Other topics during the Assembly will be: the new arrangement in the Nordic Council of Ministers, cultural policy and artistic co-operation within the European Union, the Unesco Convention on cultural diversity and the Norwegian proposal to establish culture in the constitution.
We will compare similarities and differences, debate opportunities and obstacles, how to improve the economic and social conditions and rights for professional artists and ensure reasonable payment for artistic work.
We, the artistic organizations, react forcefully when fundamental cultural values are threatened but welcome a lively and constructive debate on cultural policy to put forward new ideas, to sound the unknown, to take time and imagination necessary to peek around the corner.
And we are delighted to have these important discussions here in Visby, here in the middle of the Baltic Sea and for the first time with participation of fellow-artists and organizations from Estonia, Latvia, Lithuania and Russia.
As Sweden is the only Nordic country that has not got a special place for Nordic affairs, we hereby express the wish that Gotland in the future can be that place.
The cultural infrastructure is both a pre-condition and a consequence of Swedish cultural policy.

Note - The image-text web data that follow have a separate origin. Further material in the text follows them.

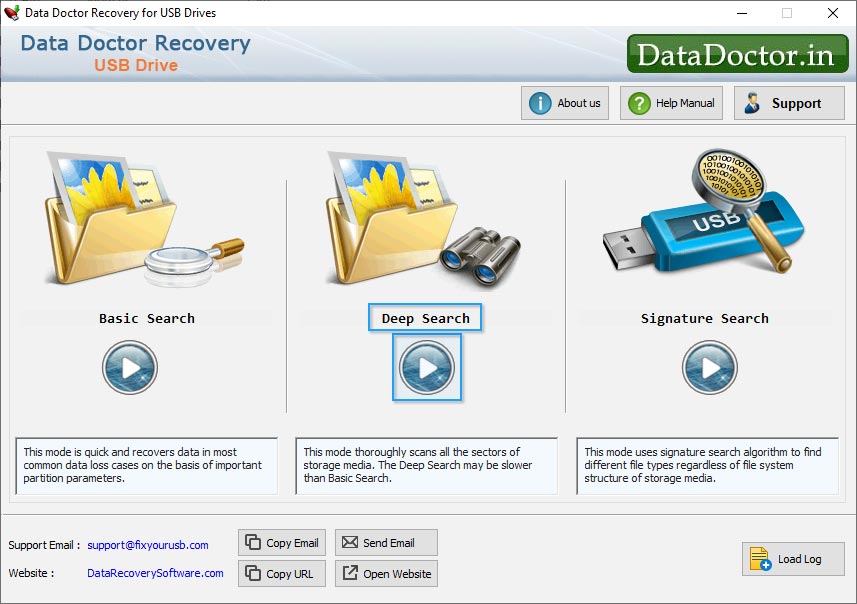 Pen Drive Data Recovery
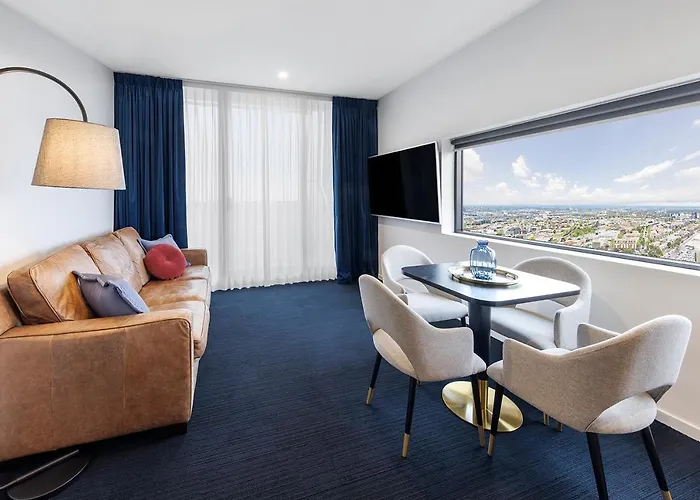 Two-Bedroom King Suite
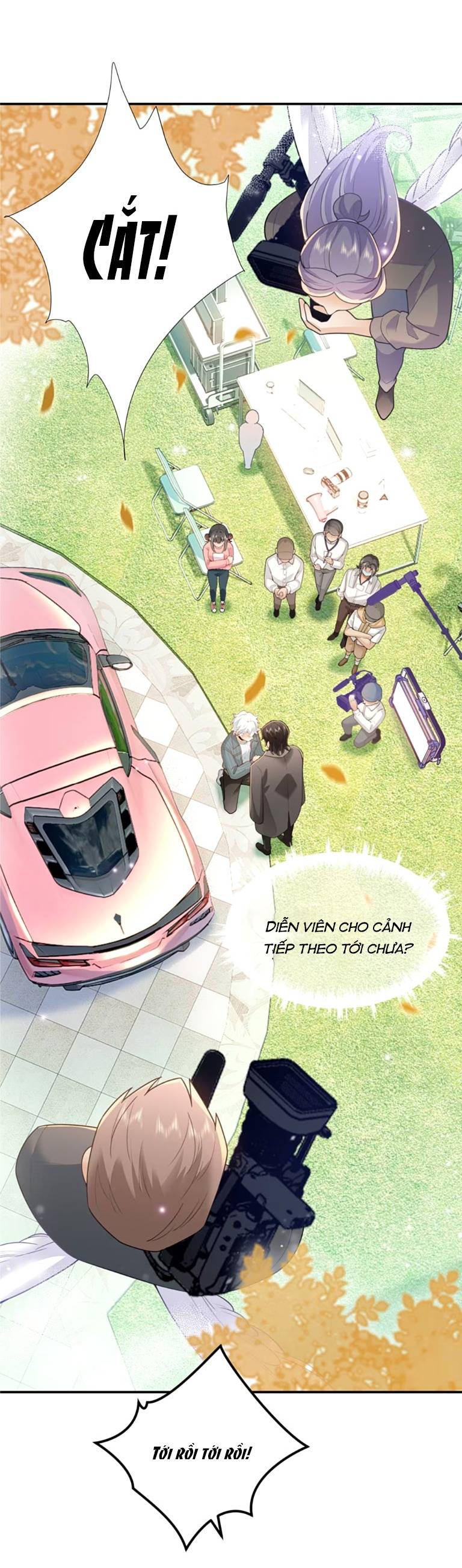 Crush của tôi là mèo Chap 4 - Next Chap 5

Sweden’s parliament laid down the objectives and principles of Swedish cultural policy in 1974 and these were revised in 1996.

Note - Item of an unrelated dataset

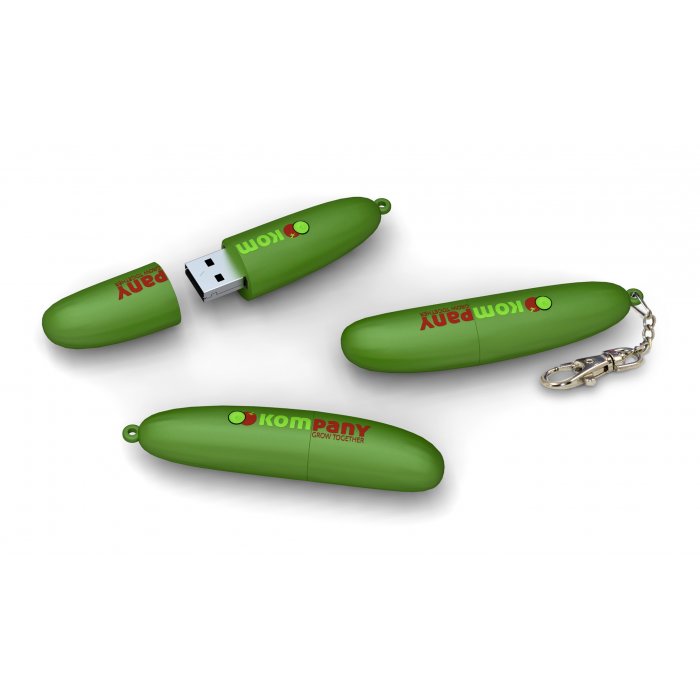 USB Stick Sonderform 3D 16GB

Since last autumn we have got a new government – a right/centre/liberal alliance – and they want to make political changes, even so in the cultural policy field. Therefore the Minister of Culture has announced that a new official report on the objectives and principles of the cultural policy shall be launched and that this revision will be presented in December 2008. The public service radio and television are also under revision and other changes effecting the cultural field are the altered unemployment benefits, as well as other labour market issues that has been deteriorated. And then there is the commission about changing the regions from 17 to about 7 that will effect the cultural infrastructure immensely.
So one can say that we are in a transition stage – for the moment we are in a kind of waiting – but we don´t know for what for another two years. What we do know is that the changed unemployment benefits have had a bad impact on the lifes of Swedish artists.
The goal of the current Swedish cultural policy is to increase access to culture for all citizens in our country, both via contact with culture of high quality and through creative activity of ones own. And financial support for artists and cultural institutions is a key element of this policy, for which the Swedish state, the regions and the municipalities share responsibility.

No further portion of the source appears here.